*** Opening of Excerpted data ***

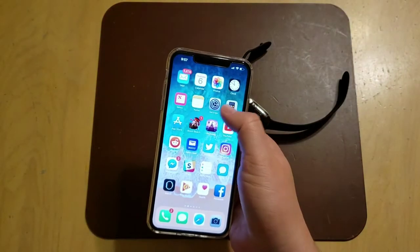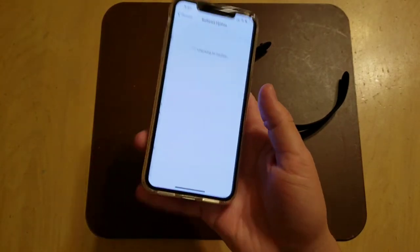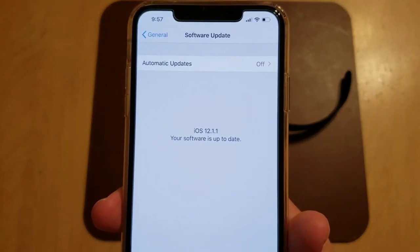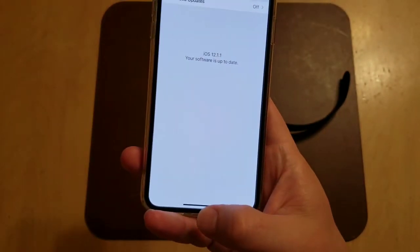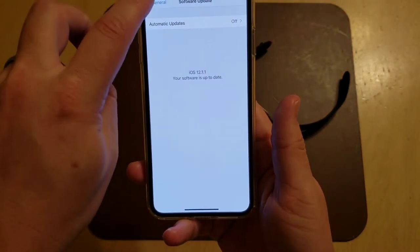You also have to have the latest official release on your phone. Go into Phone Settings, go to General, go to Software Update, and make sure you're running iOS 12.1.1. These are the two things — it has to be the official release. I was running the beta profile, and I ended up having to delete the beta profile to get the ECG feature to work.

*** Close of Excerpted data ***
*** Opening of Excerpted data ***

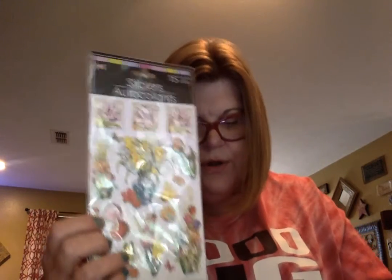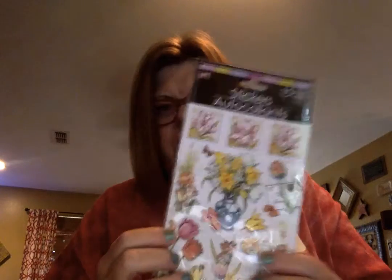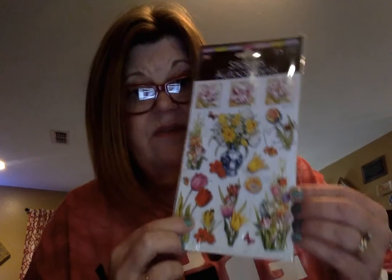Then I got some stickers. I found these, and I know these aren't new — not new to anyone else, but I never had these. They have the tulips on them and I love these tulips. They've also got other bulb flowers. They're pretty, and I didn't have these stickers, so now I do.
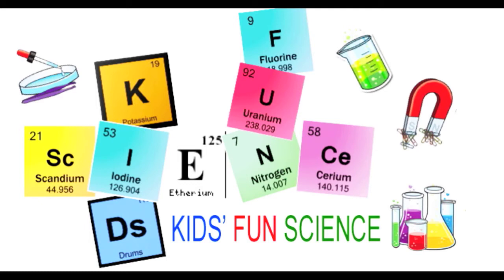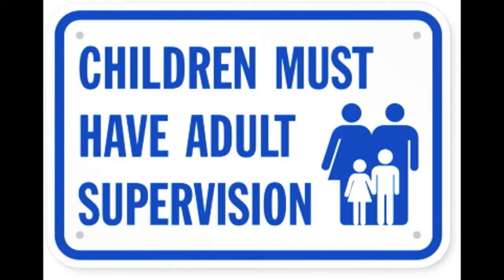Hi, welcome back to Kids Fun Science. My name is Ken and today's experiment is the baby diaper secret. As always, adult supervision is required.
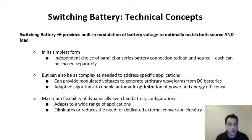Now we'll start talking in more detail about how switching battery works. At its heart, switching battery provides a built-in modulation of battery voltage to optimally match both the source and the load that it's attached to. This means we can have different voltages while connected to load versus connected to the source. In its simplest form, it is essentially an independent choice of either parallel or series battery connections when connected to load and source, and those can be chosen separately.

*** Close of Excerpted data ***
*** Opening of Excerpted data ***

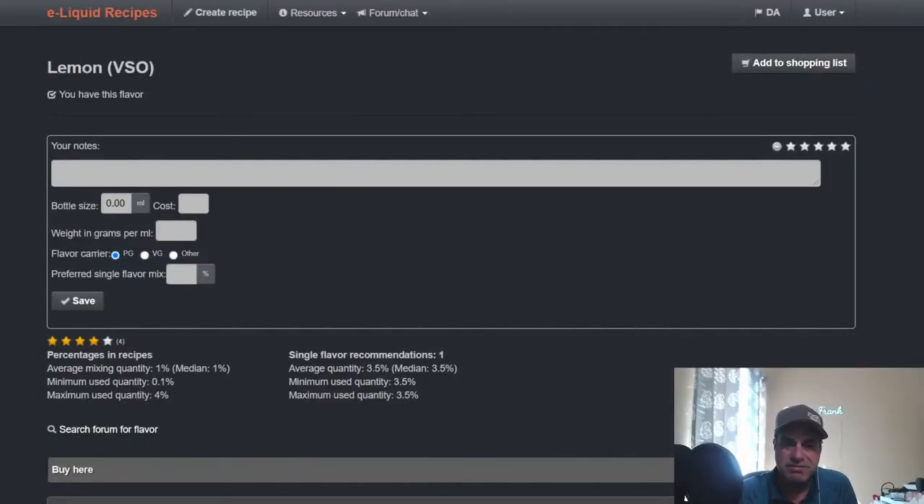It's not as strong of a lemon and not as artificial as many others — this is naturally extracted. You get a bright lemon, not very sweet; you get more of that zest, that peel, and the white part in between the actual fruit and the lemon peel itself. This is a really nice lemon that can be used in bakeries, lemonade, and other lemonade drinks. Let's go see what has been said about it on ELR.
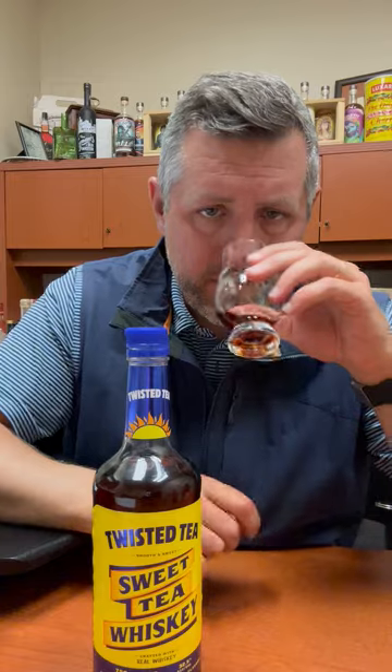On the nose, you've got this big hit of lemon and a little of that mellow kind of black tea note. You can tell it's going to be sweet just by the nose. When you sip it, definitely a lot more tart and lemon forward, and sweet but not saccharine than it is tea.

*** Close of Excerpted data ***

Your objective
Keep to the lines above from the line with "It's not as" to the line with "On the nose, you've", and set down exactly those, inclusive, with nothing else and every picture left out.

Task solution
It's not as strong of a lemon and not as artificial as many others — this is naturally extracted. You get a bright lemon, not very sweet; you get more of that zest, that peel, and the white part in between the actual fruit and the lemon peel itself. This is a really nice lemon that can be used in bakeries, lemonade, and other lemonade drinks. Let's go see what has been said about it on ELR.
On the nose, you've got this big hit of lemon and a little of that mellow kind of black tea note. You can tell it's going to be sweet just by the nose. When you sip it, definitely a lot more tart and lemon forward, and sweet but not saccharine than it is tea.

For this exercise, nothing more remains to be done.